The global pandemic continues to affect nearly every aspect of our lives, including data privacy protection. Brazil is the latest country ready to launch data protection and privacy legislation, but the General Data Protection Law scheduled for this month is now on hold, due to economic challenges from Covid-19.
Even the pandemic cannot keep the demand for data privacy protection at bay, however. The way consumer data is stored, shared and utilized is a top concern of Americans. According to a new survey from KPMG, nine out of 10 Americans say businesses and the government hold the responsibility to protect consumer data.
That same majority of Americans also said companies should enact data privacy protection and privacy guidelines and policies, and companies should be held responsible for corporate data breaches.
California is often a leader (or Guinea pig?) when it comes to enacting consumer protection legislation. The California Consumer Privacy Act of 2018 (CCPA) grants privacy rights to residents of California, including:
- The right to know about the personal information a business collects about them and how it is used and shared
- The right to delete personal information collected from them (with some exceptions)
- The right to opt-out of the sale of their personal information
- The right to non-discrimination for exercising their CCPA rights
How does data protection affect my business?
You may think, “OK, my business is not in California, so this doesn’t affect me.” That’s not necessarily accurate.
If your online products or services are sold to residents of California, your for-profit business may be affected by the CCPA. If you meet any of the following, then the CCPA applies to you:
- Have a gross annual revenue of more than $25 million
- Buy, receive, or sell the personal information of 50,000 or more California residents, households, or devices
- Derive 50% or more of their annual revenue from selling California residents’ personal information
Right now, many small companies outside of California do not meet that threshold.
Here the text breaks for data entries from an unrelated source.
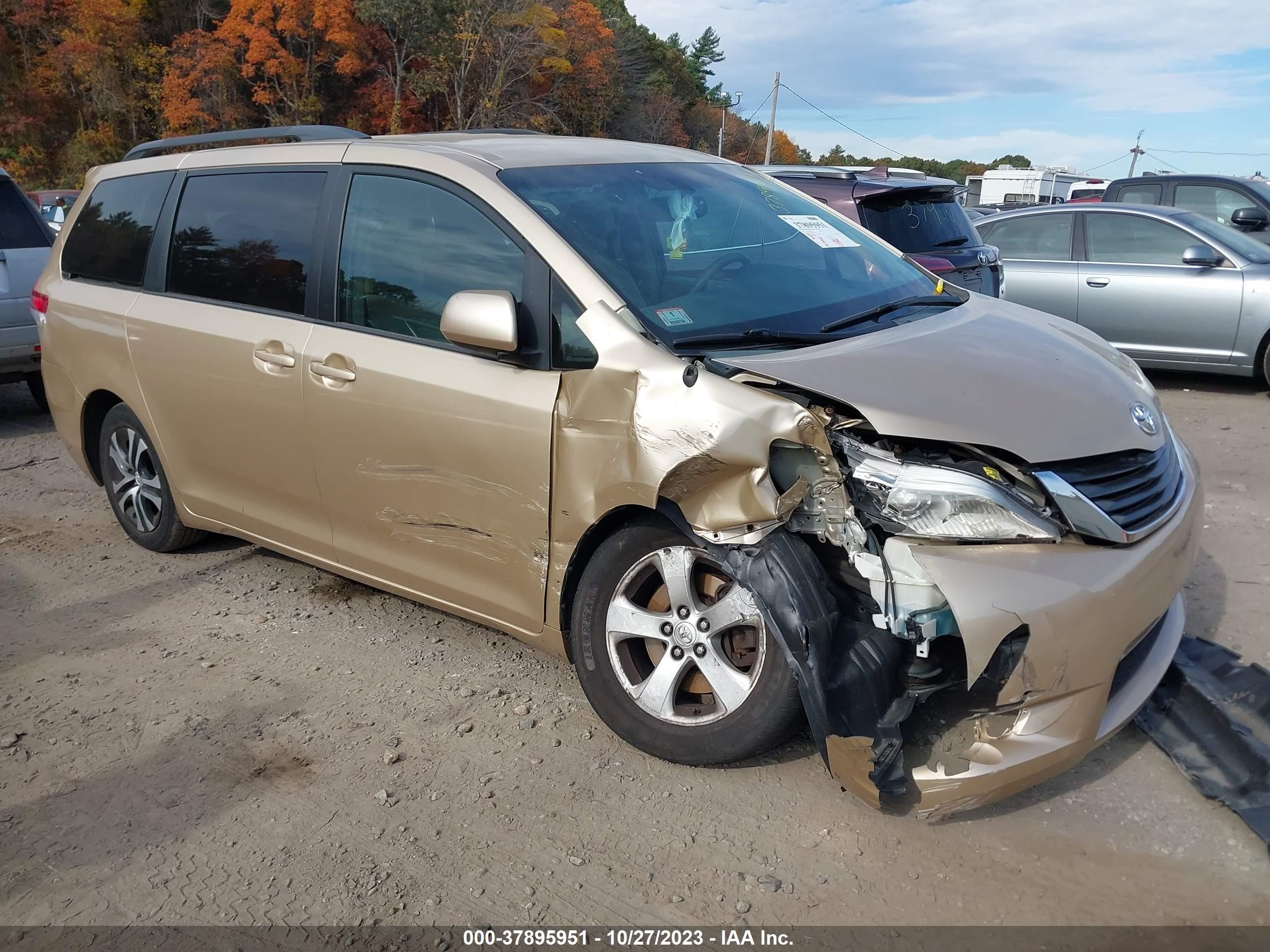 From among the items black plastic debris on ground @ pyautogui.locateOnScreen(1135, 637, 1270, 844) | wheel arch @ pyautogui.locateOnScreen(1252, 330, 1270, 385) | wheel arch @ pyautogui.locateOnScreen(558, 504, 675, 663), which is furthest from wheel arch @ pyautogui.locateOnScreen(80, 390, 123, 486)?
wheel arch @ pyautogui.locateOnScreen(1252, 330, 1270, 385)

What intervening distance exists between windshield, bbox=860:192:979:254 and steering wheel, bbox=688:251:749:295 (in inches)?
146

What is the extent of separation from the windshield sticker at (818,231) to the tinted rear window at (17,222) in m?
6.57

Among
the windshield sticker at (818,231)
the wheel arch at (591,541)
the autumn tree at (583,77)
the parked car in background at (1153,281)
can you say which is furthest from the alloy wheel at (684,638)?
the autumn tree at (583,77)

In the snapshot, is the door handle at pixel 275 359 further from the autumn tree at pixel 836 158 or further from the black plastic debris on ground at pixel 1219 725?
the autumn tree at pixel 836 158

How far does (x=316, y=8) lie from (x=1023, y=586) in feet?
146

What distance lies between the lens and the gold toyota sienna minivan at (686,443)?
8.43 feet

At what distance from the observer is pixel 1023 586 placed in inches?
96.2

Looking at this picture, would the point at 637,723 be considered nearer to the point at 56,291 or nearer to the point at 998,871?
the point at 998,871

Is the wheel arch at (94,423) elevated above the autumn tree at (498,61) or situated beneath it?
situated beneath

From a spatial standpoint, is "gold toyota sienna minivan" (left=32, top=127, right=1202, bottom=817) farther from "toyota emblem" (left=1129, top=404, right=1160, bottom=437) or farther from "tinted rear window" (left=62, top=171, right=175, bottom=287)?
"tinted rear window" (left=62, top=171, right=175, bottom=287)

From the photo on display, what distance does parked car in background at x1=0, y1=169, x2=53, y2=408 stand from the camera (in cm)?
740

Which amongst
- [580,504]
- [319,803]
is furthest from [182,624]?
[580,504]

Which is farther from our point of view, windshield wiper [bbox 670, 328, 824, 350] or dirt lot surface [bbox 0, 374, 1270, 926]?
windshield wiper [bbox 670, 328, 824, 350]

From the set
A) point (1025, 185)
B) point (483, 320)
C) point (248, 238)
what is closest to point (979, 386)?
point (483, 320)
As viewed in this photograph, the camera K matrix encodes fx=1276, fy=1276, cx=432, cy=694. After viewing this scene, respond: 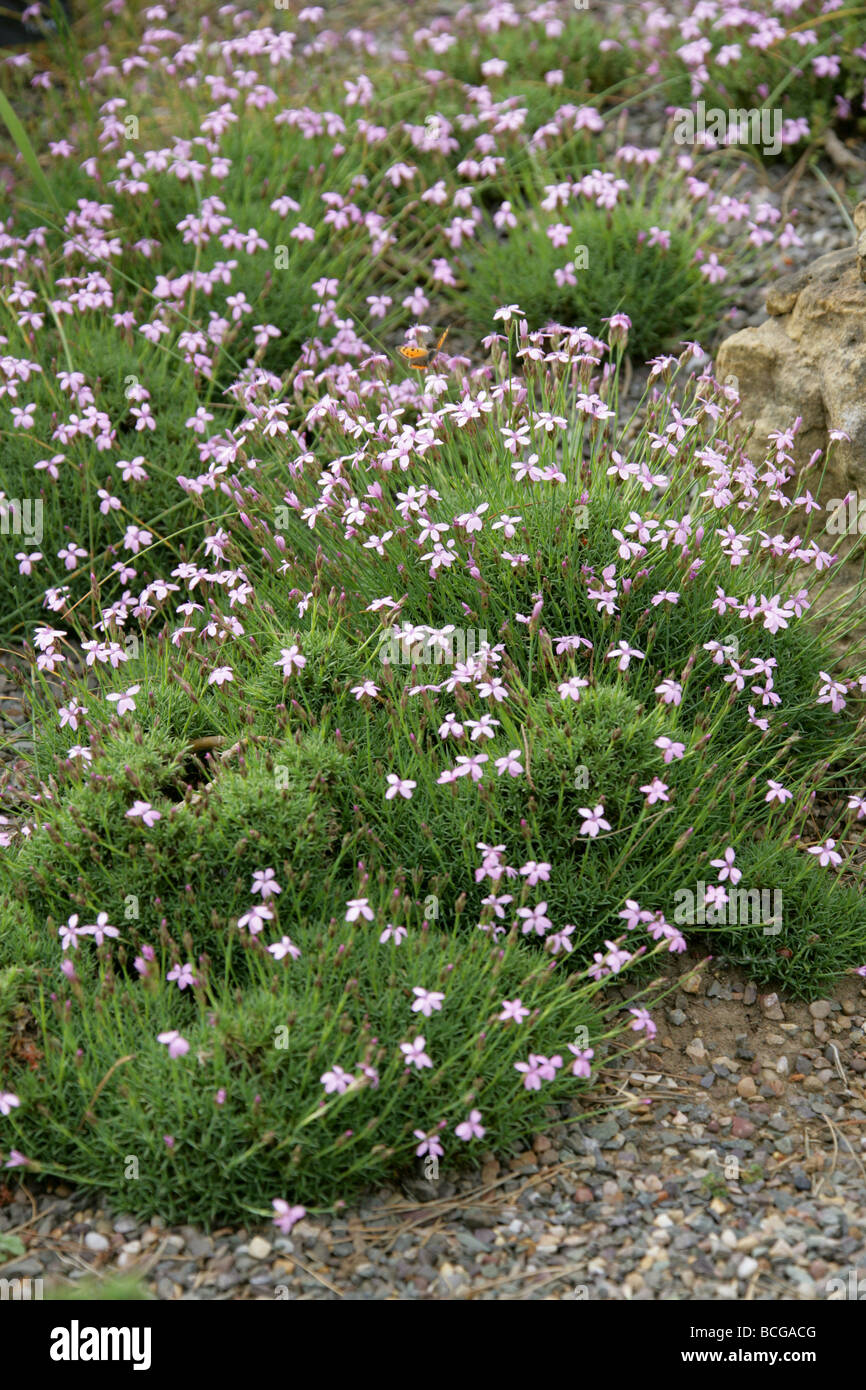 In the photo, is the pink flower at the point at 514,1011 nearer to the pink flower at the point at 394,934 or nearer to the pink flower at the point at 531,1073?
the pink flower at the point at 531,1073

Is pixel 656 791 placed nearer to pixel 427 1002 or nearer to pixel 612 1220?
→ pixel 427 1002

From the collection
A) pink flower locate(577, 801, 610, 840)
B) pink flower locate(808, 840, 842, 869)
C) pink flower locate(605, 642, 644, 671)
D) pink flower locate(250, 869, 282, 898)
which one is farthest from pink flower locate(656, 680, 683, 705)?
pink flower locate(250, 869, 282, 898)

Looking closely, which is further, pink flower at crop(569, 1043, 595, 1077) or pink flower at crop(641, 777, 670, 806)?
pink flower at crop(641, 777, 670, 806)

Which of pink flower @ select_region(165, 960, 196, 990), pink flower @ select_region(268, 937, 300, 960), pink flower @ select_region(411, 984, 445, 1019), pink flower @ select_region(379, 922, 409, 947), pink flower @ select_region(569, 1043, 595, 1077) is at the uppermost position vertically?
pink flower @ select_region(379, 922, 409, 947)

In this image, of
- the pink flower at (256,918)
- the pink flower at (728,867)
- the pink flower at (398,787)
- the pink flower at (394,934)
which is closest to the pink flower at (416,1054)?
the pink flower at (394,934)

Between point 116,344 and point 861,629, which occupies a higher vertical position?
point 116,344

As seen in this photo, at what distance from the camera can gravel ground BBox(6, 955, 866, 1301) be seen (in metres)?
3.27

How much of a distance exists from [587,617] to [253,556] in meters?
1.54

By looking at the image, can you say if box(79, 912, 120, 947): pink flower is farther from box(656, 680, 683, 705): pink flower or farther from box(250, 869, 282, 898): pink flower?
box(656, 680, 683, 705): pink flower

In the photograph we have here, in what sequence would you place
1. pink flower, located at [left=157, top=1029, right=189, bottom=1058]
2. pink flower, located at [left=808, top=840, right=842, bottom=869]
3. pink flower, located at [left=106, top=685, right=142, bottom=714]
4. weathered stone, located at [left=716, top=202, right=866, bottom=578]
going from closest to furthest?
pink flower, located at [left=157, top=1029, right=189, bottom=1058]
pink flower, located at [left=808, top=840, right=842, bottom=869]
pink flower, located at [left=106, top=685, right=142, bottom=714]
weathered stone, located at [left=716, top=202, right=866, bottom=578]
Why should I think about data protection today?
California is often a harbinger of things to come. The CCPA sets a precedent for other states to adopt; and, a federal law covering data privacy protection is not off the table. Plus, the stipulations of the CCPA could change, or new states’ laws may have much different criteria.
The KPMG survey results also state that nine out of 10 Americans believe data protection and privacy rights of the CCPA should be extended to all U.S. citizens, including the right to delete personal data, and the right to know how their data is being used.
It’s best to be prepared. When The General Data Protection Regulation (GDPR) in the EU went into effect a couple years ago, we made sure the marketing programs for our clients were compliant, even if they didn’t meet the GDPR threshold.
For example, we use WordPress for some clients’ websites, and we installed data protection plug-ins. WordPress also utilizes an erase data feature. We bolstered the privacy policies of their websites to meet the guidelines and we added cookie banners as appropriate. Additionally, we reviewed their data collection integrations and made adjustments as needed to ensure they had infrastructure and understanding in place on what needed to be done.